━━ Study material

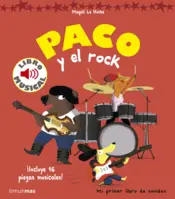 Portada Paco y el rock. Libro musical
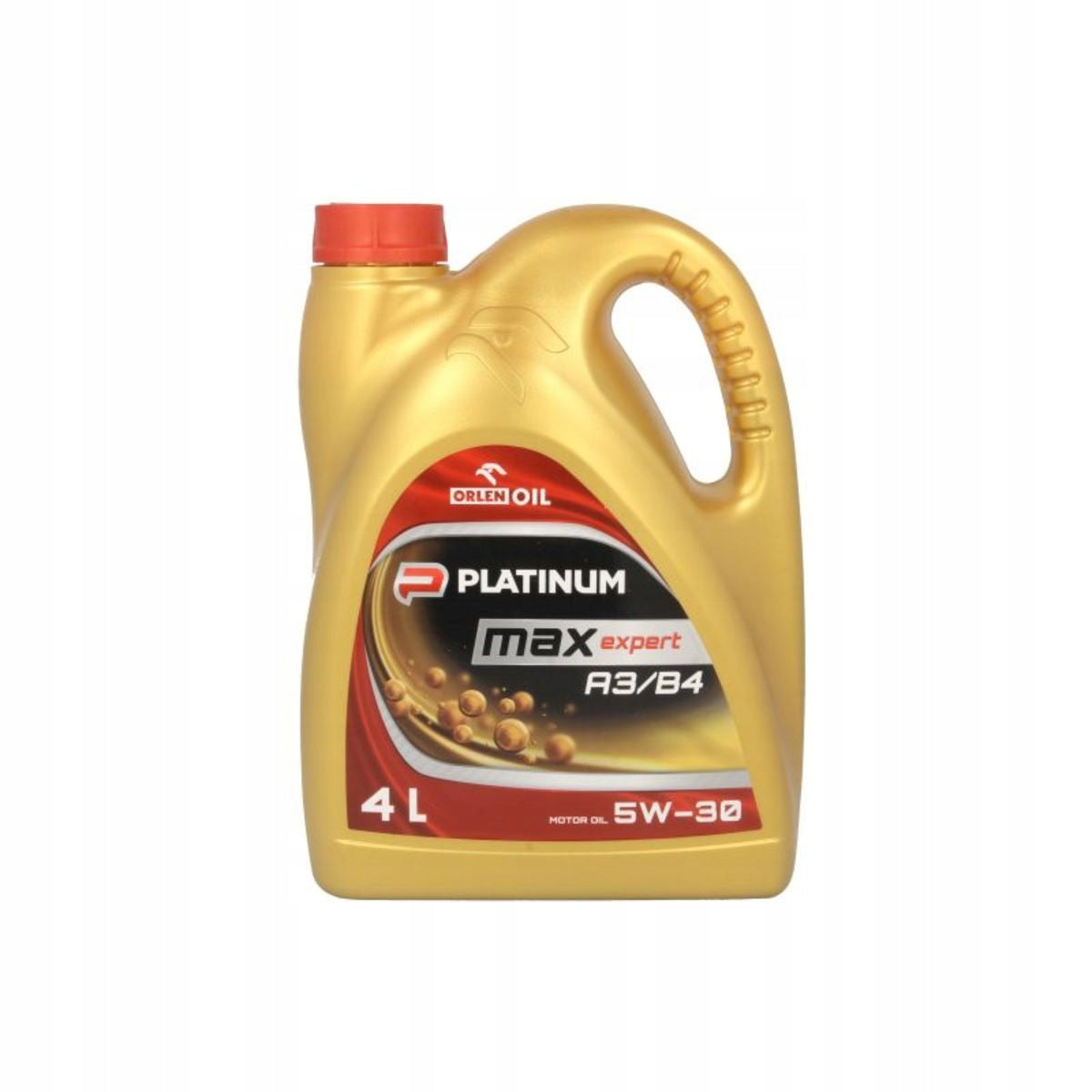 PLATINUM MAXEXPERT 5W30 A3/B4 4L Manufacturer code QFO937B40
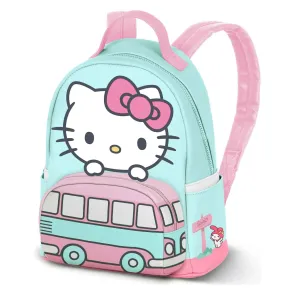 Sanrio Small Heady Rucksack Hello Kitty Van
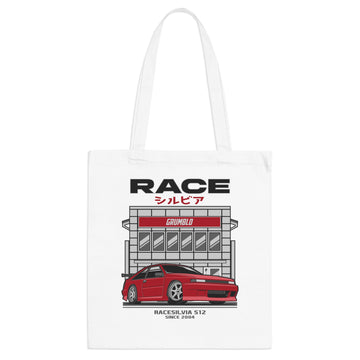 S12 Tote Bag for Car Enthusiasts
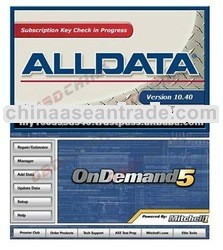 Auto Repair Software Alldata Version 10.40 and Mitchell V2011 Ondemand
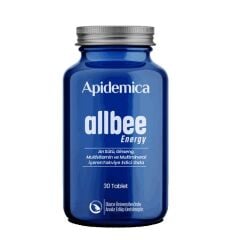 Apidemica Allbee Energy 30 Tablet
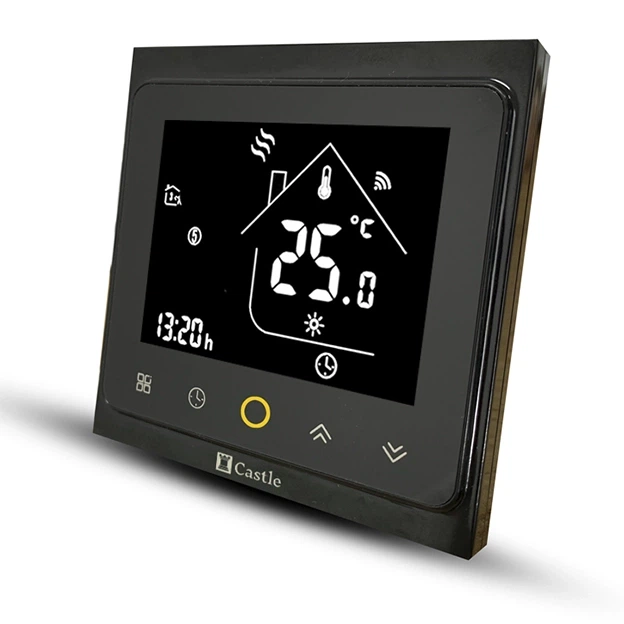 Терморегулятор AC603H VA-B Wi-Fi чорний (AC603H-VA-B) - зображення 3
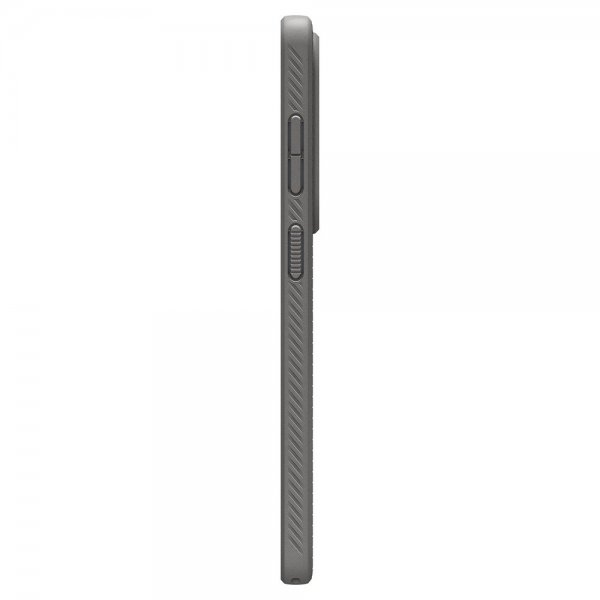 Spigen Samsung Galaxy S26 Plus Skal Liquid Air MagFit Marble Gray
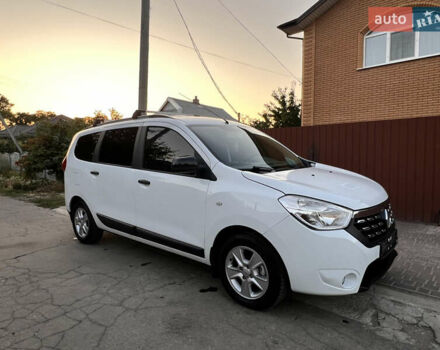 Белый Рено Лоджи, объемом двигателя 1.46 л и пробегом 74 тыс. км за 12900 $, фото 18 на Automoto.ua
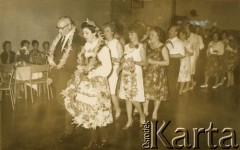 4.09.1965, Birmingham, Anglia, Wielka Brytania.
Dożynki, członkowie chórów 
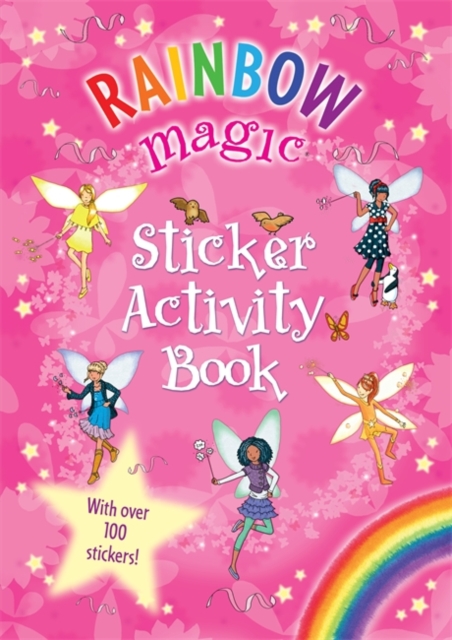 Sticker Activity Book, Paperback Book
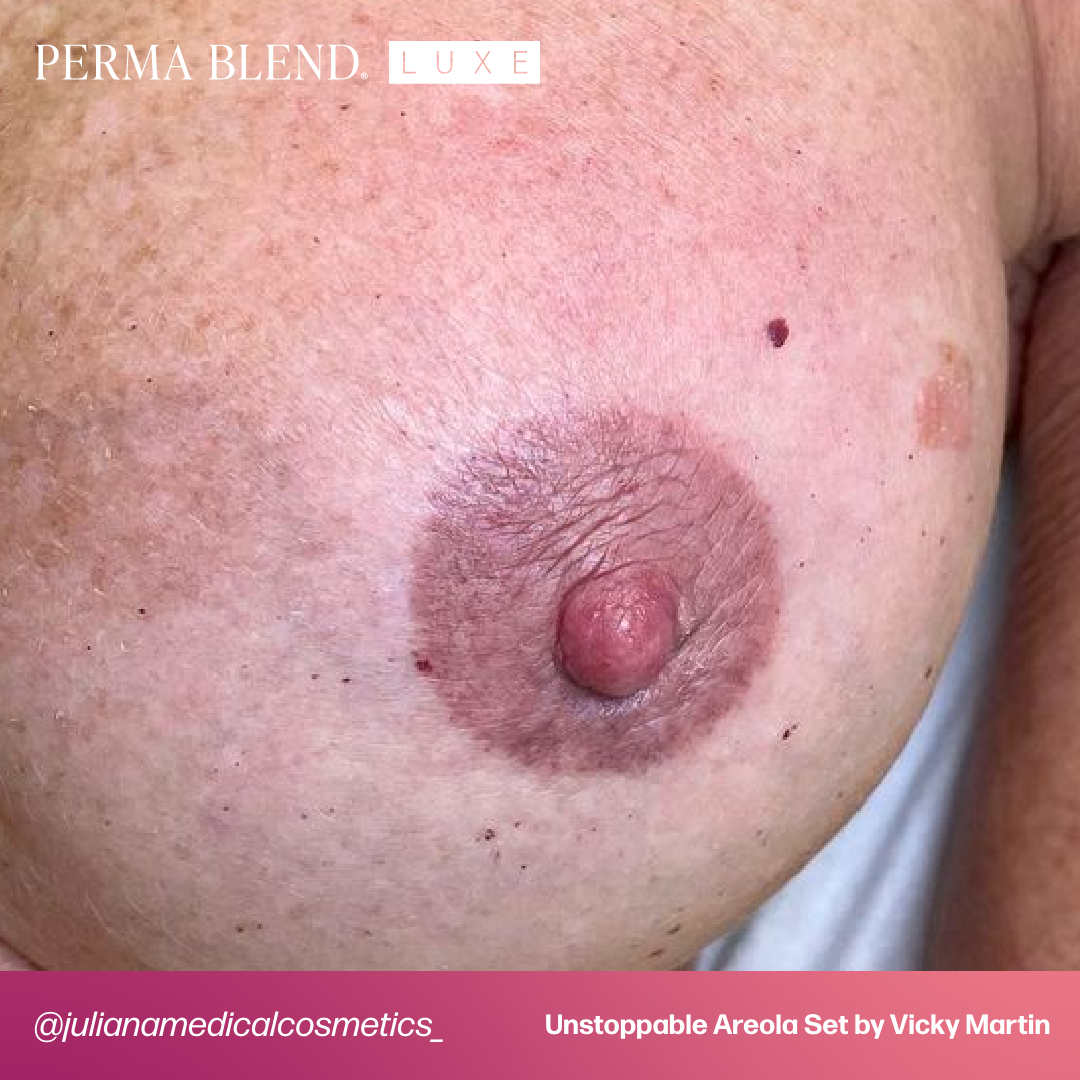 LUXE Unstoppable Areola Set by Vicky Martin Areola - Perma Blend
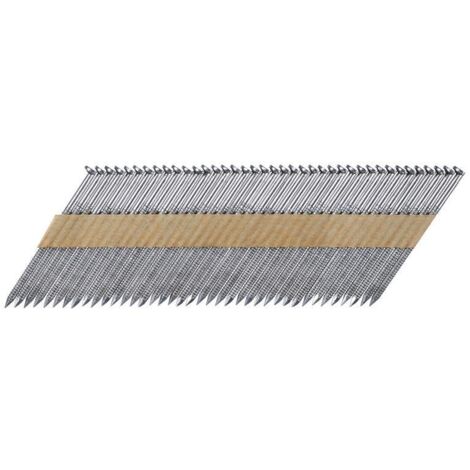 Dewalt Galvanised Ring Shank Nails 3.1 x 90mm Clipped Head Pack 2200 DNPT31R90G1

━━━━

Task objective:
Quote all of the entries word for word, omitting any pictures.

Solved exercise:
 Portada Paco y el rock. Libro musical
 PLATINUM MAXEXPERT 5W30 A3/B4 4L Manufacturer code QFO937B40
 Sanrio Small Heady Rucksack Hello Kitty Van
 S12 Tote Bag for Car Enthusiasts
 Auto Repair Software Alldata Version 10.40 and Mitchell V2011 Ondemand
 Apidemica Allbee Energy 30 Tablet
 Терморегулятор AC603H VA-B Wi-Fi чорний (AC603H-VA-B) - зображення 3
 Spigen Samsung Galaxy S26 Plus Skal Liquid Air MagFit Marble Gray
 Белый Рено Лоджи, объемом двигателя 1.46 л и пробегом 74 тыс. км за 12900 $, фото 18 на Automoto.ua
 4.09.1965, Birmingham, Anglia, Wielka Brytania.
Dożynki, członkowie chórów 
 Sticker Activity Book, Paperback Book
 LUXE Unstoppable Areola Set by Vicky Martin Areola - Perma Blend
 Dewalt Galvanised Ring Shank Nails 3.1 x 90mm Clipped Head Pack 2200 DNPT31R90G1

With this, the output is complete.